The bigger question is will the markets of the world react as they have done to QE in the past and begin another leg up? Or will the ECB disappoint and hold off? Or is it remotely possible even if the ECB announces another money printing binge the markets will sell off on the news?  If that happens it’s probably very bad news for stocks.

We won’t have long to wait for the answer as the ECB will make their decision by Thursday. My opinion on the whole thing is it is appearing that the markets are giving the caution light and I am becoming more and more concerned what lies ahead in the next few days and weeks. For this reason I think holding off adding any more money into stocks and bonds might be prudent advice.

Lightening up on stocks and bonds might also be warranted.

The green light of the last few years is appearing, at least to me, to be taking on a red tint and that means it may be time to stand aside until we see what’s coming.   Take heed and ignore at your peril.

 

PS: Those holding Swiss Annuities and FXF currency funds, rejoice. I told you it was coming eventually!

What to do:

A market rout is now in the possible cards to be dealt. The final implosion of stocks and bonds is probably not upon us YET because if the next market fall is big enough, our Federal Reserve will initiate another round of QE to save the markets but that might not happen until we see a multi-thousand point fall in the Dow. A set back of that magnitude however will likely devastate portfolios so it’s time to take protective action.

Set stops on all stocks 10 % lower than current levels or whatever you are comfortable with. Those who need me to assist in this please email me. (Fee for this will be low).

Those that can set stops on their own consider doing so now. You may also hedge your funds by purchasing some inverse funds. Some popular ones go by the symbol DOG, SDS or PSQ. There are more short funds you can use if you like.

Remember if you do buy these, you will LOSE MONEY if the markets go UP. Set up a stop loss of 10%  on these to protect against big losses.

Those that only have the recommended small percentages of your assets in stocks and bonds (See my Dream Portfolio for allocation amounts) may decide to ride it out but prepare for losses if the markets fall. Keep in mind I have not been a fan of bonds for some time now so those holding bonds against my advice should take heed! I do not think US Short term treasuries are at risk and may even go UP should the markets sell off as investors seek the safety of our government debt in times of market duress, a practice that is all too common nowadays.

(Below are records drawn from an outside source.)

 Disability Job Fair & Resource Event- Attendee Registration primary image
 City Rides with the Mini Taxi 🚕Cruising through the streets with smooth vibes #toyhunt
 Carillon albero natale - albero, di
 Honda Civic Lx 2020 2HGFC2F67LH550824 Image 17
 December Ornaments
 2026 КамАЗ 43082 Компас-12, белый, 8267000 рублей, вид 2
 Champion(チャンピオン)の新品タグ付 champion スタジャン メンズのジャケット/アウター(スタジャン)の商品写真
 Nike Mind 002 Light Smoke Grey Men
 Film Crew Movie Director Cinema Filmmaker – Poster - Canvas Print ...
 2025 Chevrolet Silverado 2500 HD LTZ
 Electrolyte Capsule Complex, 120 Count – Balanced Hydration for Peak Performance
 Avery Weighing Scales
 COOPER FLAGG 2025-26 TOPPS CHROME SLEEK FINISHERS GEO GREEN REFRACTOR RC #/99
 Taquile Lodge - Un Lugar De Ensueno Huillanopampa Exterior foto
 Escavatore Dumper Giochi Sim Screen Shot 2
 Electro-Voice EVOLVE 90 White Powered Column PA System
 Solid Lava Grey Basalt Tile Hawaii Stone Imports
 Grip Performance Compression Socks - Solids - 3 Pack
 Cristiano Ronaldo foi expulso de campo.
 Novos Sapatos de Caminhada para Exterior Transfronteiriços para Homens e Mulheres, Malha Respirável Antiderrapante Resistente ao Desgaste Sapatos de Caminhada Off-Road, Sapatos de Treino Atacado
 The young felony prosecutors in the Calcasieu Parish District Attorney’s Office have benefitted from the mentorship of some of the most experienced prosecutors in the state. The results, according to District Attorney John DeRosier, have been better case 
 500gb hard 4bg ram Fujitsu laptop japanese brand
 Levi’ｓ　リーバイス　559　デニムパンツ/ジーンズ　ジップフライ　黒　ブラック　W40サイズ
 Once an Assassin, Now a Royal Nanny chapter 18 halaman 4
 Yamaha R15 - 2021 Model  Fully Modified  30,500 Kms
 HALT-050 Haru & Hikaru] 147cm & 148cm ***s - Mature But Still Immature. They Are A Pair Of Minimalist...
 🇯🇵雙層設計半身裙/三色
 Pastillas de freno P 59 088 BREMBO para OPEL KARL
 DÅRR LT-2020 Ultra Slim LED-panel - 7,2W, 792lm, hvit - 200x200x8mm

That’s all for now but I am concerned about the recent action in oil, the Euro and what is happening in Europe. The environment has changed radically with the SNB bailing out of the Euro. This is a vote of no confidence in the Euro and perhaps paper currencies everywhere eventually.

 

 

 

Gold and Silver:
These took off on the news from the SNB and they had been in a steady and stealthy rise leading up to the events of last week. For these reasons I added a new position in GDXJ and sold naked puts on SLV. Those wishing to add gold and silver for insurance can use the many gold and silver equities at this time.

Of course gold and silver could fall again if things settle down and no one can say for certain which way markets will go but the problems in the Euro and the SNB move has caused an interest in these metals. If the Euro problem intensifies gold and silver could turn out to be sought after as a place of refuge.